Allerdings gehört ein Star niemals nur sich selbst, alle wollen ein Stück von ihm. Ein Star kann nicht einfach einkaufen oder ins Kino gehen. Stattdessen feiert er nach Sonntagsspielen in privaten Clubs, wo er in Autos mit getönten Scheiben hintransportiert wird. Dort bleibt er bis Mittwoch, umschwärmt von Prostituierten, trinkt viel, berauscht sich mit Drogen. Warum, möchte man fragen, hat ihm denn damals niemand "Stopp" gesagt? Als im Jahr 1990 Argentinien im Halbfinale der Weltmeisterschaft mit Beteiligung Maradonas gegen das Gastland Italien gewinnt, schlägt die Liebe in Hass um. Die bisher stillschweigend akzeptierten Fauxpas - seine Verbindungen zur Camorra, die Drogensucht, die Verleugnung des in einer außerehelichen Affäre geborenen Sohnes - nimmt man ihm fortan übel. "Man warf ihm vor, reich geworden zu sein, exzessive geschmacklose Feste zu feiern im Stil reicher Leute. Jemand aus armen Verhältnissen darf sich das nicht erlauben", kommentiert in Bourdieu-Manier Italo Cucci, Chefredakteur der lokalen Sportzeitung, in einer Fernsehsendung aus der damaligen Zeit.

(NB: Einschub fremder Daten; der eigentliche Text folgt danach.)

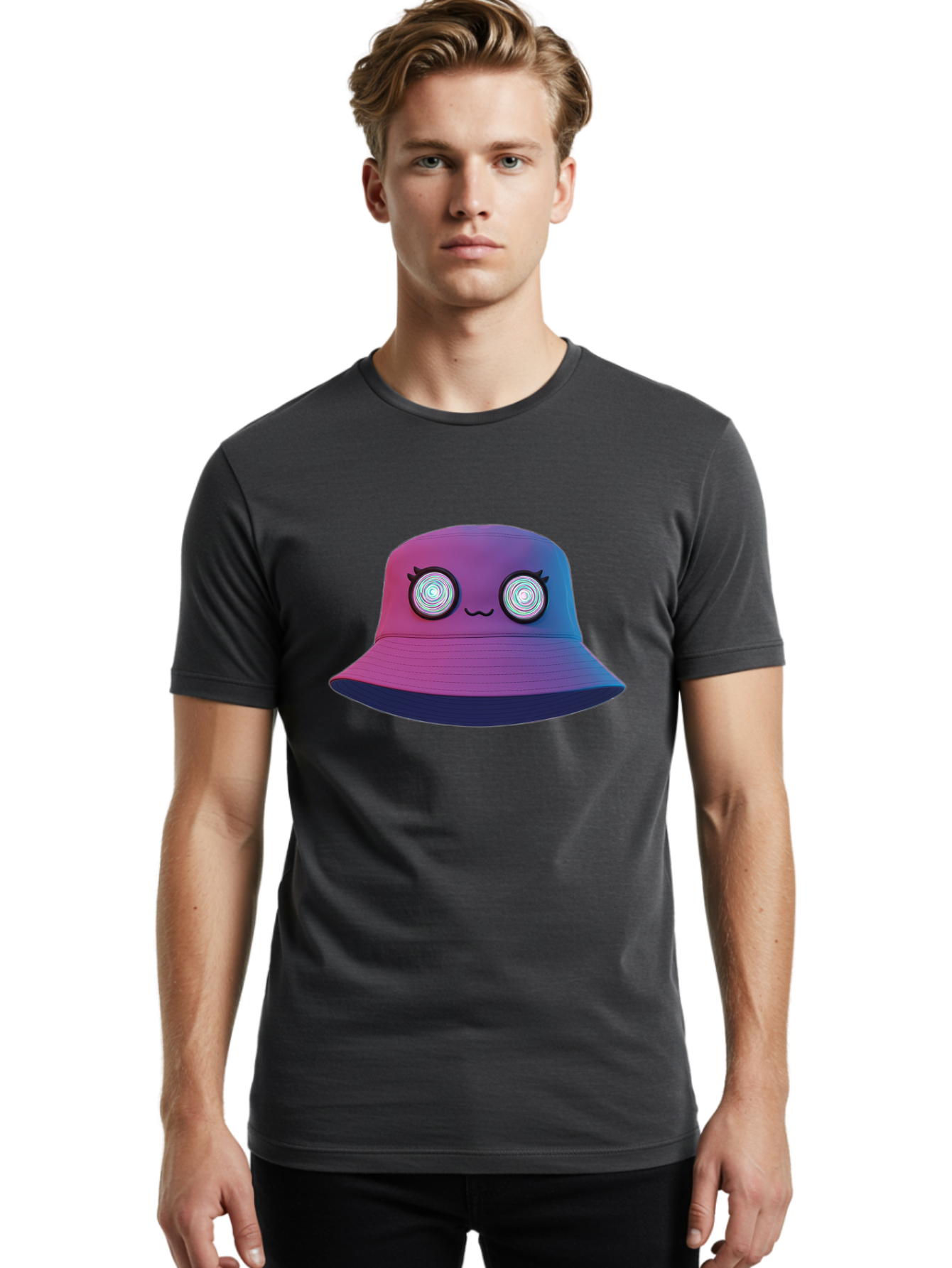 Purple-Bucket-Hat-1 Men'S Graphic Tee, 100% Cotton, Comfortable Casual Summer Wear, Machine Washable, Purple And Blue Bucket Hat, Spiral Eyes, Eyelashes, Smiling Face, Cartoon Character, Digital Illustration, Trendy Fashion, Bad459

Eine beeindruckende Leistung muss es gewesen sein, die disparaten Aufnahmen in einen zwingend und smooth anmutenden Bilder- und Erzählfluss zu formen. Das gelingt dem Filmeditor Chris King, der schon Kapadias "Senna" (2010) und "Amy" (2015) geschnitten hat, hervorragend. Dank der erstaunlichen Materialfülle ist die Filmtextur dicht und das Tempo dynamisch und mitreißend. Maradona ist viel auf dem Spielfeld, überwiegend jedoch im privaten Rahmen zu sehen. Wir erleben hautnah die euphorisch in der Umkleidekabine feiernde Mannschaft, werden teilhaftig an der Verlegenheit des jungen Fußballers, als er von einem Reporter auf den protzigen Pelzmantel angesprochen wird. Auch sehr schön: Maradona im knappen orangenen Badeslip, joggend, der Kamera zuzwinkernd. Die Schweißperlen und seine wechselnden Ohrringe glitzern in Close-up. Zudem entfalten die Bilder in verschiedenen Stufen ihrer Grobkörnigkeit diese für viele Found-Footage-Filme typische Anziehungskraft, diese typische dahinschmelzende Wärme.

Ruhm sei ihm damals wichtiger als Geld gewesen, lautet die Selbstauskunft der Fußballlegende aus dem Off. Vom hohen Preis und fatalen Folgen dieses Ruhms für jemanden, der nicht darauf vorbereitet war, handelt "Diego Maradona" wie damals schon die mit einem Oscar ausgezeichnete filmische Biografie von Amy Winehouse. Kapadia und King legen ihre Lesart plastisch nahe, versuchen zu verstehen, was ihre Figur umgetrieben hat. Sie stellen Verbindungen her - zwischen Milieubruch und Schuldgefühlen auf der einen Seite und Neigung zu zweifelhaften Gönnern und Drogensucht auf der anderen. Zwischen selbstauferlegtem Druck und Verdrängungsarbeit, der berühmten Lüge von der "Hand Gottes". Diese Deutung muss man nicht teilen, nachvollziehbar bleibt sie auf jeden Fall. "Diego Maradona" geht es nicht ums Partei-Ergreifen und sympathisch-Finden, sondern um Wertschätzung einer leidenschaftlichen Hingabe ans eigene Metier. Ein Film von großer Intensität ist er allemal, und das Tollste ist: "Diego Maradona" kann sogar die größten Skeptikerinnen für Fußball begeistern.

Olga Baruk

Diego Maradona - GB 2019 - Regie: Asif Kapadia - Laufzeit: 130 Minuten.